La metástasis hepática del carcinoma de células renales (CCR) pertenece al grupo de metástasis hipervasculares. El CCR tiende a metastatizar tardíamente y puede aparecer años después de la nefrectomía. Muestra marcado realce arterial y puede simular un CHC u otras lesiones hipervasculares. La necrosis y la hemorragia son frecuentes.
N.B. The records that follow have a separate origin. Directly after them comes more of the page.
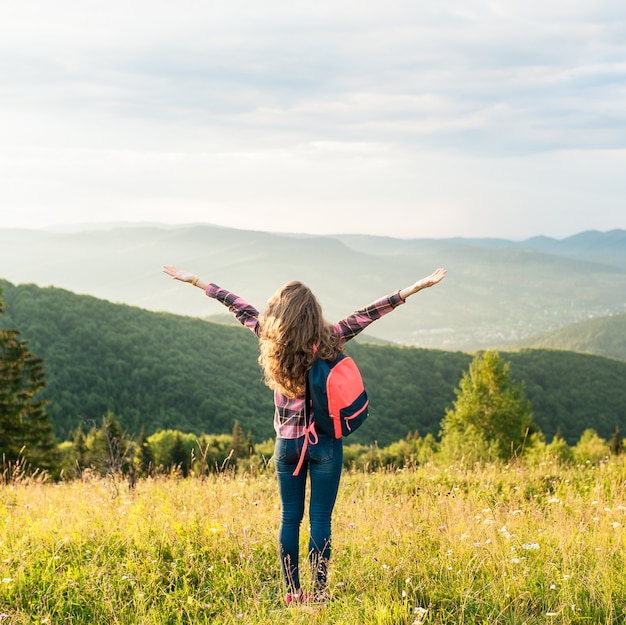 Liberté jeune femme sur le rocher de la montagne.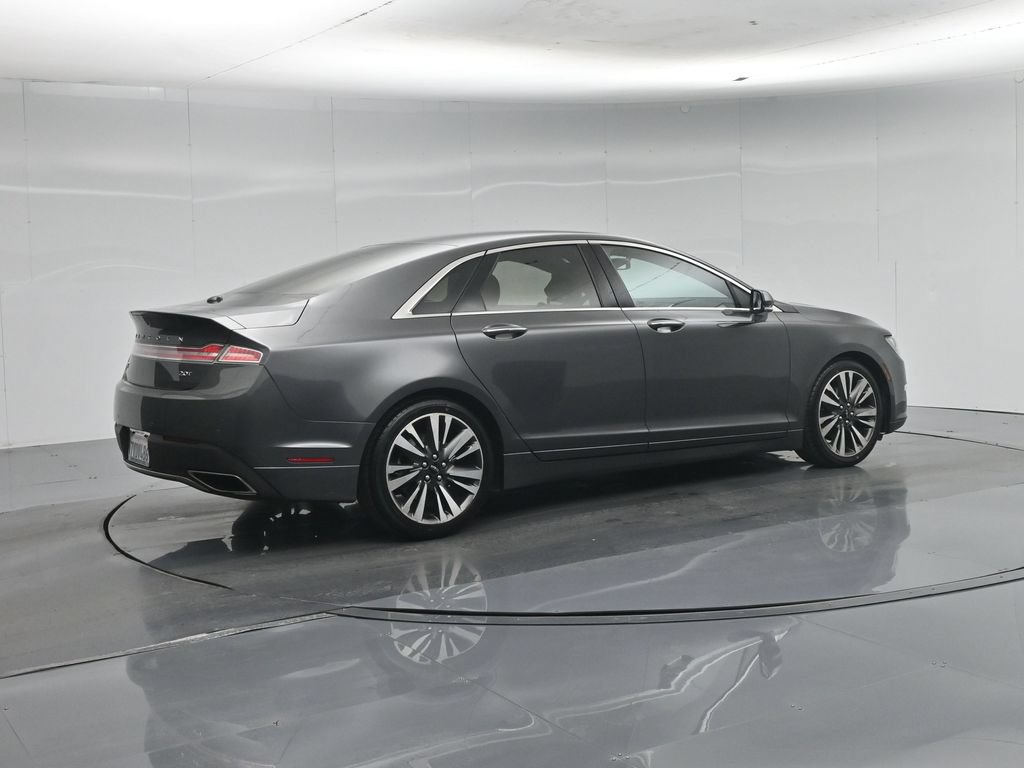 Used 2017 Lincoln MKZ Reserve FWD image 29
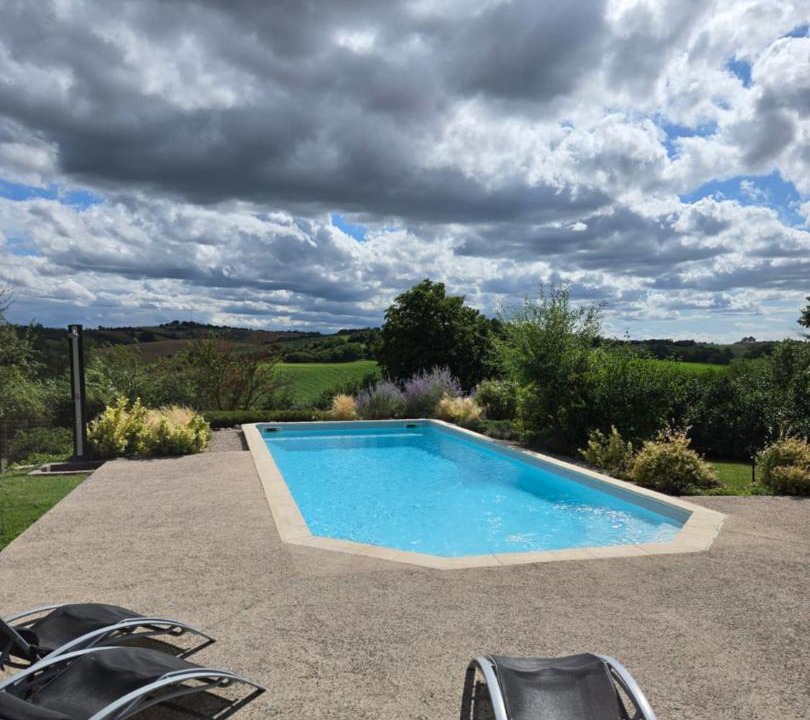 Photo of Others in Canens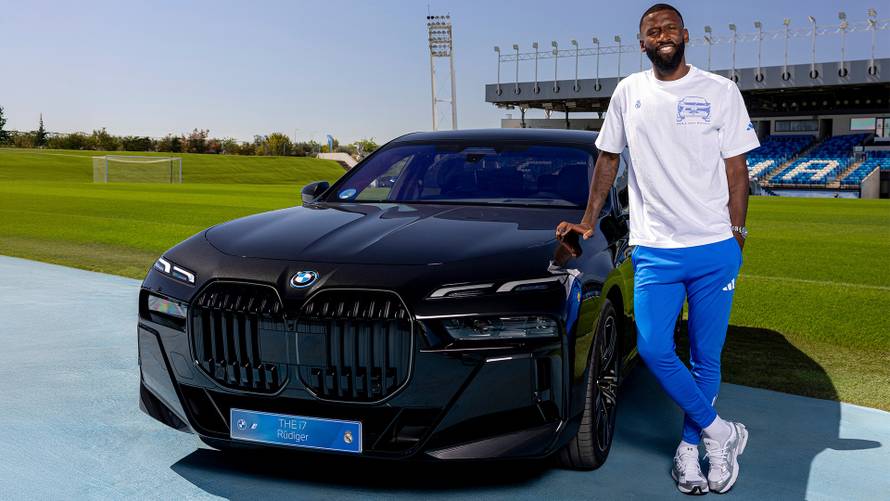 Mbappé poput Livaje: Evo zašto ne smije voziti skupocjeni BMW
El linfoma hepático puede ser primario o secundario (más frecuente). La afectación secundaria se observa en hasta el 50 % de los linfomas sistémicos. Puede presentarse en formas difusas/infiltrantes o nodulares. Se manifiesta típicamente como lesiones hipodensas con escaso realce y restricción de difusión marcada en DWI. Un antecedente de linfoma conocido y la hepatoesplenomegalia son claves diagnósticas importantes.
El hemangioendotelioma epitelioide es una neoplasia vascular maligna rara, de grado bajo a intermedio, del hígado. Ocurre más comúnmente en mujeres jóvenes. Las lesiones se presentan como nódulos multifocales, periféricos/subcapsulares, coalescentes con retracción capsular. El 'signo de la piruleta' (vasos que terminan en el margen tumoral) y el 'signo de la diana' son hallazgos característicos.
El angiosarcoma hepático es el tumor vascular maligno primario más común del hígado. Tiene un curso clínico altamente agresivo con un pronóstico desfavorable. La exposición al cloruro de vinilo, al torotrast y al arsénico son factores de riesgo. La hemorragia intratumoral es característica. En TC/RM, aparece como una masa heterogénea con realce periférico temprano y relleno progresivo.
El nódulo displásico de bajo grado (NDBG) es una lesión premaligna del hígado cirrótico. Se sitúa entre el nódulo de regeneración y el nódulo displásico de alto grado en el espectro de displasia. Generalmente no visible o isodenso en imagen. No muestra APHE y es iso-/hiperintenso en fase hepatobiliar (función hepatocitaria preservada). Clasificado como LR-3 o inferior en LI-RADS.
El nódulo displásico de alto grado (NDAG) es la lesión precursora del carcinoma hepatocelular (CHC) en el hígado cirrótico. Ocupa una posición intermedia entre el nódulo displásico de bajo grado y el CHC precoz. En RM, es hiperintenso en T1 e iso- o ligeramente hiperintenso en T2. Puede mostrar un discreto realce arterial (APHE sutil) pero no se espera un lavado definitivo. La hipointensidad en fase hepatobiliar (FHB) sugiere un riesgo aumentado de malignidad.
El nódulo siderótico es un nódulo regenerativo que contiene hemosiderina (hierro) en el hígado cirrótico. Debido a la acumulación de hierro, muestra marcada pérdida de señal en T2 y T2* (eco de gradiente) en RM — este hallazgo es patognomónico. Puede aparecer hiperdenso en TC debido al contenido de hierro. Es una lesión benigna pero ocurre en hígado cirrótico, y la progresión a displasia debe monitorizarse.
La peliosis hepática es una afección vascular rara caracterizada por cavidades llenas de sangre dentro del parénquima hepático. Se asocia con inmunosupresión, uso de esteroides anabólicos, SIDA y trasplante de órganos. Los hallazgos en imagen son variables; pueden observarse lagos sanguíneos con realce precoz o tardío. Puede ser hiperintenso en T1 debido a hemorragia.